As transportation ecology has evolved, it has incorporated aspects of multiple subdisciplines within ecology from landscape to population, organism and genetic perspectives. Because of the applied nature of the field, urban ecology and sociological perspectives have long been important. As we move forward, collaboration between researchers and transportation practitioners from a wider range of disciplines is needed. Recent work on integrating wildlife connectivity into longer range transportation planning and programming is one example. There has also been an increased importance of integrating wildlife concerns into infrastructure preservation projects and maintenance practices, bringing in participation from a wider range of transportation agency departments to address retrofits for wildlife connectivity and maintenance practices to benefit pollinators.
As the focus of transportation ecology expands beyond the original focus on landscape connectivity for vertebrate animals to include a greater emphasis on vegetation, invertebrates and effects of nutrients and pollutants on roadside habitats and waterways, the need to increase our capacity for collaboration and information sharing among researchers and a wider spectrum of transportation practitioners is becoming apparent. One way to do this is to strengthen the connections between existing communities, particularly ICOET and discipline/topic based committees of the American Association of State Highway Transportation Officials and the Transportation Research Board, which incorporates a broader range of practitioners from academia, consulting and transportation agencies. Using connections and interdisciplinary subcommittees among these groups enables identification of knowledge gaps as well as potential applications of emerging technologies such as environmental DNA, unmanned aerial systems and automated image analysis.

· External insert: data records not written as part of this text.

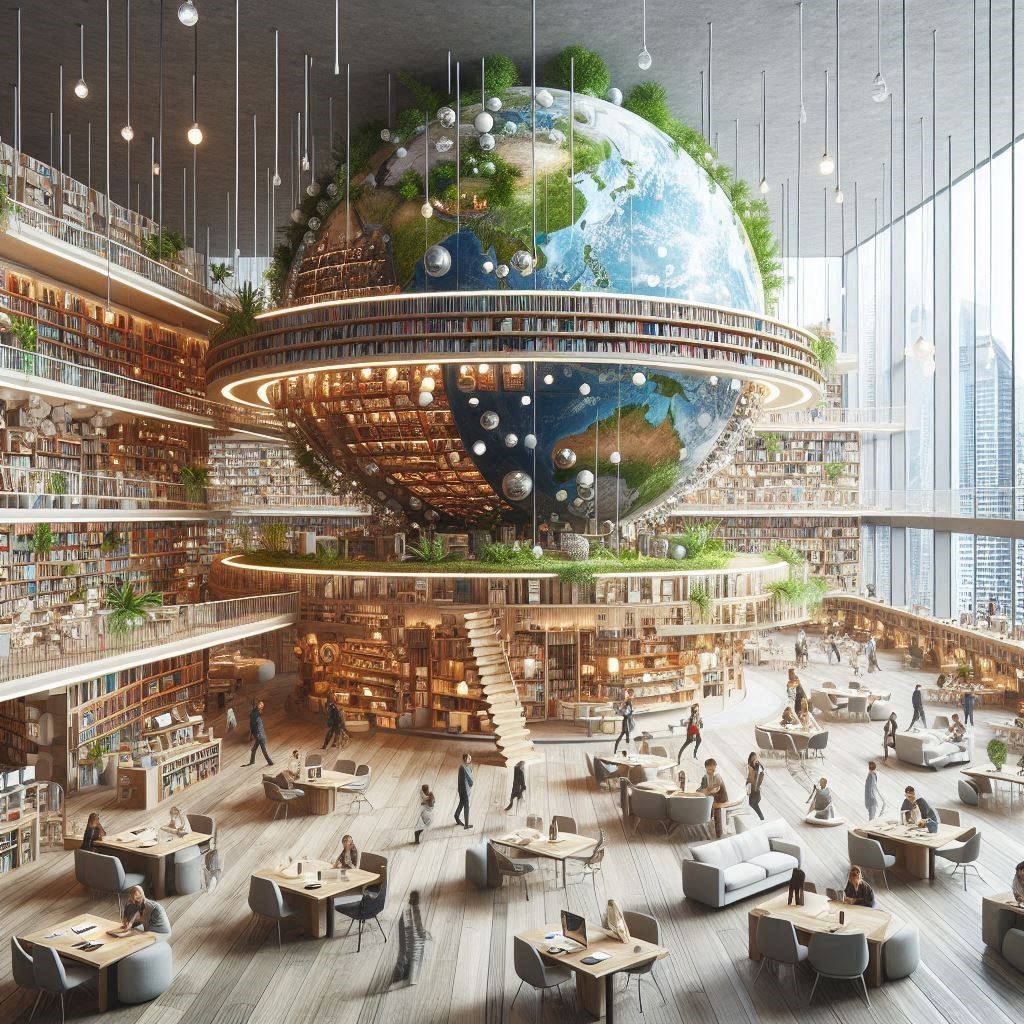 Une bibliothèque avec une mappemonde comme lieu de lecture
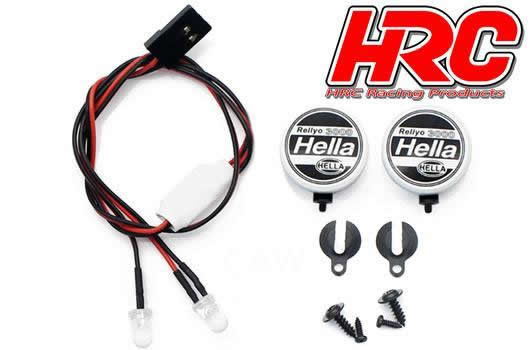 HRC Racing - HRC8723A2 - Light Kit - 1/10 or Monster Truck - LED - JR Plug - Hella Cover - 2x White LED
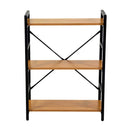 Libreria 3 ripiani 60x28xh83,5 cm in Metallo e Legno Achille Naturale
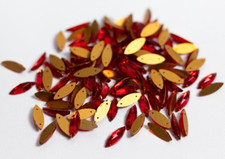 144 Light Siam NAVETTES 14x5mm Glass Sew-On QUALITY Czech Rhinestones Foiled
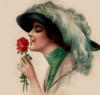 Схема вышивки «Дама с красной розой»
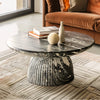 Maddox Single round Coffee Table Stone Marble Effect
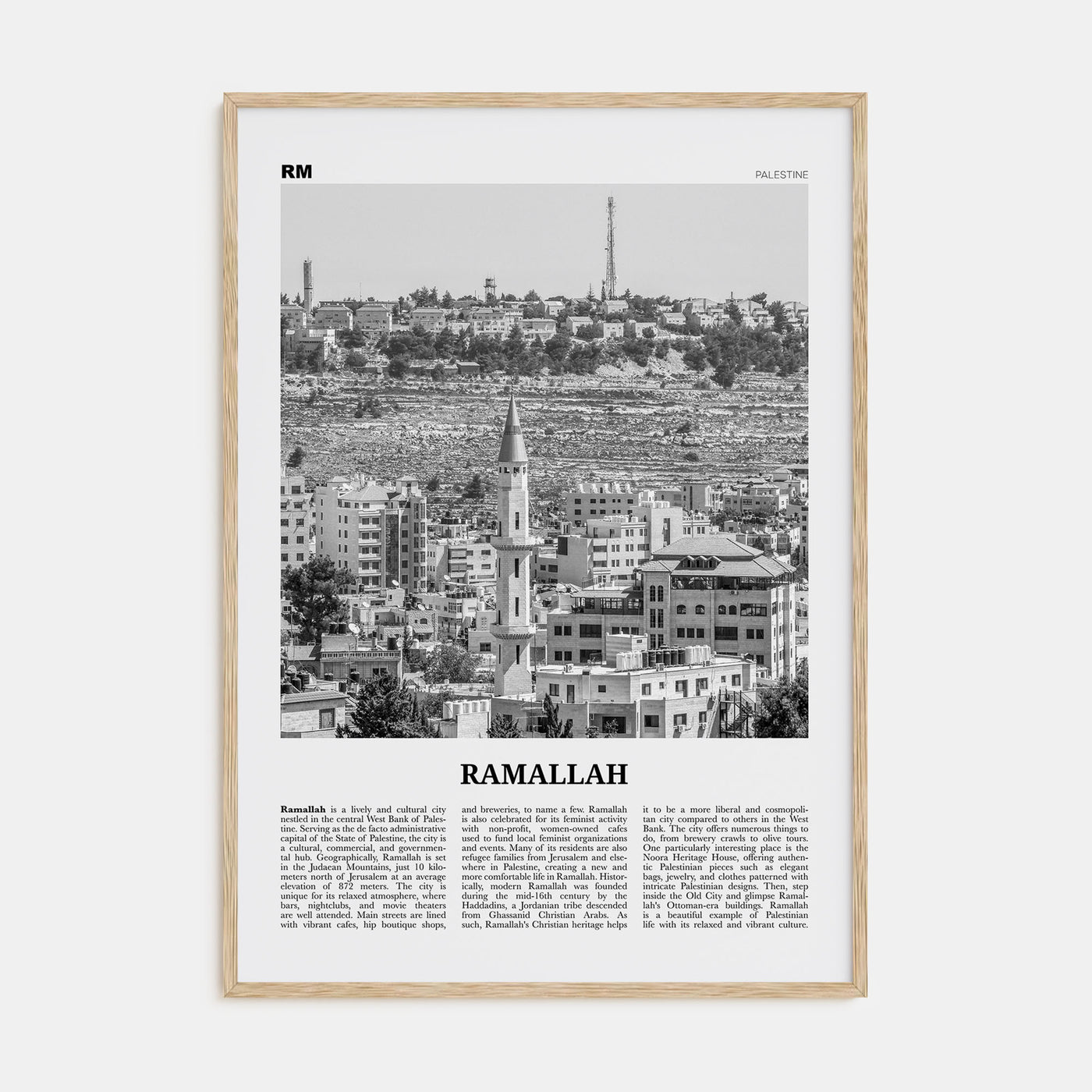 Ramallah Travel B&W Poster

I will discuss some newer interdisciplinary subcommittees and the ways I am working to facilitate continuing collaboration among these communities as well as current research topics.
Addressing the social and planning aspects of transportation calls for strengthening relationships in the realms of long term planning, equity and environmental justice as well. Participants in ICOET and TRB are forging relationships to further advance collaboration in these areas. I will discuss these efforts and ways for attendees to become involved in these future directions of transportation ecology.